Only one TNF-α inhibitor biosimilar has been approved in the United States. In April, the Food and Drug Administration approved Inflectra, a biosimilar for infliximab, which is sold as Remicade, for several indications including rheumatoid arthritis, inflammatory bowel disease and psoriasis. Other branded TNF-α inhibitors on the market include Humira, Cimzia, Enbrel, and Simponi, while many biosimilar versions of these products have been approved in Canada, Asia and Europe.
“Our study should reassure clinicians and patients and, importantly, the folks who pay the bills—insurance companies and government programs like Medicare —that biosimilar TNF-α inhibitors appear comparable to their branded counterparts based on the evidence we have thus far,” Alexander says. “Hopefully, this will encourage the brisk adoption of these products. There is no question that greater competition in this market will benefit patients, prescribers and society in the long run.”
Many new cancer drugs are also biologics, as is insulin.
While this study only applies to TNF-α inhibitors, Alexander says it is an important and rigorous first look at a question that has been on the minds of many who worry about the future of a generic-type market for biologic drugs.
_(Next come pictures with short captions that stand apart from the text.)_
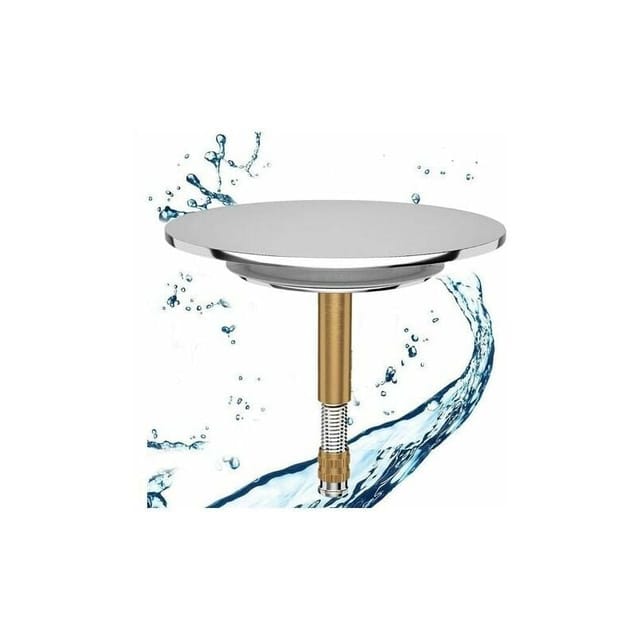 Alovez - Badewannenstöpsel Ø 70 Mm Mit Doppeldichtung Höhenverstellbar Universal Badewannenstöpsel Waschbeckenventil Gehärtetes Messing Verchromt Rostfreier Badewannenstöpsel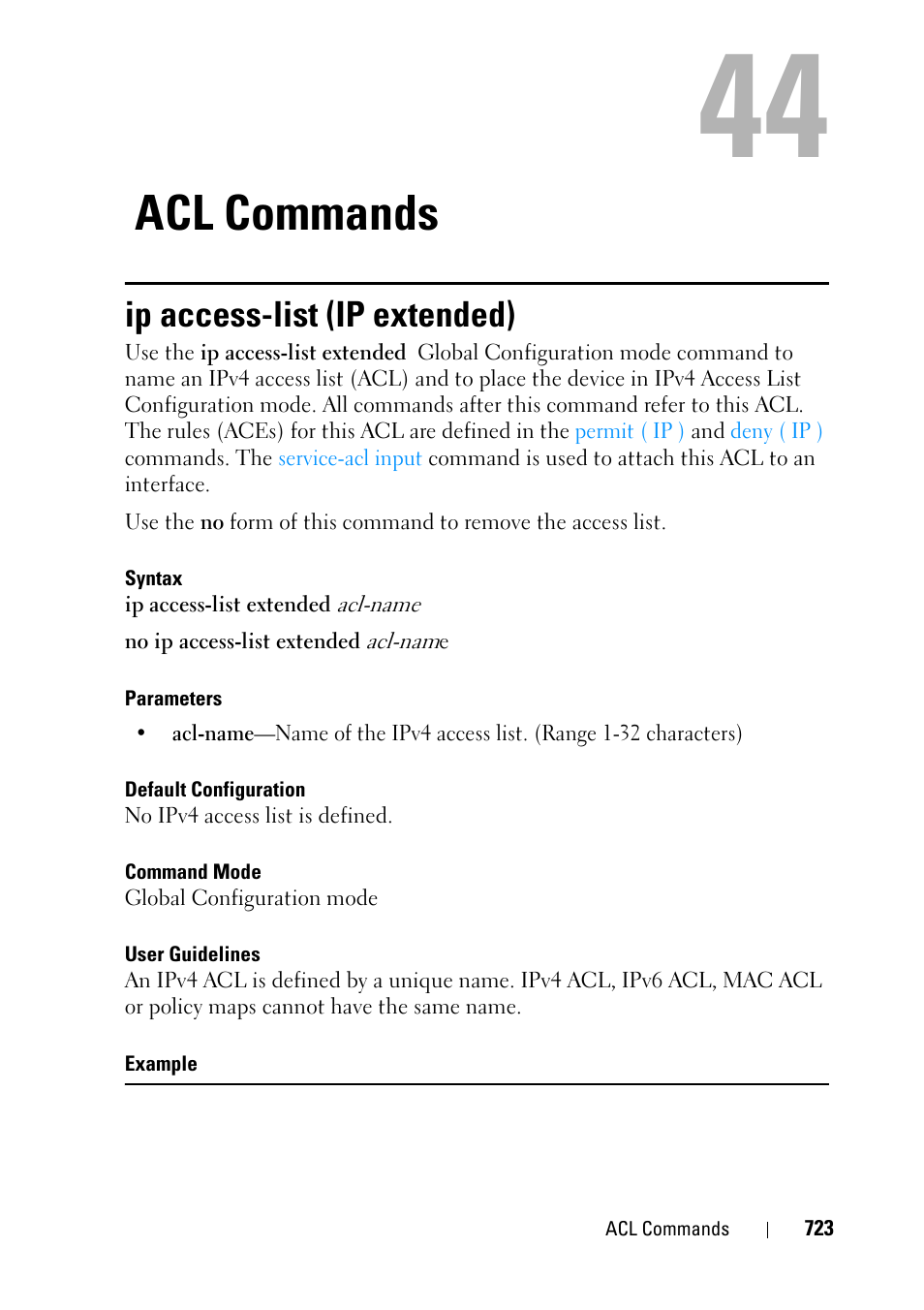 Acl commands, Ip access-list (ip extended), 42 acl commands | Dell PowerEdge VRTX User Manual | Page 723 / 832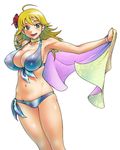  :d ahoge armpits bikini blonde_hair bracelet breasts choker curvy flower front-tie_bikini front-tie_top fukudahda green_eyes hair_flower hair_ornament hoshii_miki huge_breasts idolmaster jewelry navel open_mouth sarong side-tie_bikini smile swimsuit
He says more systematic research is needed on whether other biosimilar products, such as biosimilar insulins, work as well as their branded counterparts.
“Biologics are the wave of the future,” he says. “That’s where more and more of the pharmaceutical market is going in the years ahead.”
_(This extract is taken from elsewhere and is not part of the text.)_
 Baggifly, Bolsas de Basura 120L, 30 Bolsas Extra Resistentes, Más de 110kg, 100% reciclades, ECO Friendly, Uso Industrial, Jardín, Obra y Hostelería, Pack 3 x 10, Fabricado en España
“Bioequivalence of biosimilar tumor necrosis factor-alpha (TNF-α) inhibitors compared with their reference biologics: A systematic review” was written by Francine Chingcuanco, MHS; Jodi B. Segal, MD, MPH; Seoyoung C. Kim, MD, ScD, MSCE; and G. Caleb Alexander, MD.
The research was supported by the Johns Hopkins Center of Excellence in Regulatory Science and Innovation (U01 FD004977-01).
Alexander is chair of the FDA’s Peripheral and Central Nervous System Advisory Committee; serves as a paid consultant to PainNavigator, a mobile startup to improve patients’ pain management; serves as a paid consultant to IMS Health; and serves on an IMS Health scientific advisory board. These arrangements have been reviewed and approved by the Johns Hopkins University in accordance with its conflict of interest policies. Kim has received funding from Pfizer, Lilly, AstraZeneca, and Bristol-Myers Squibb through Brigham and Women’s Hospital. Segal and Chingcuanco have no conflicts of interest to report.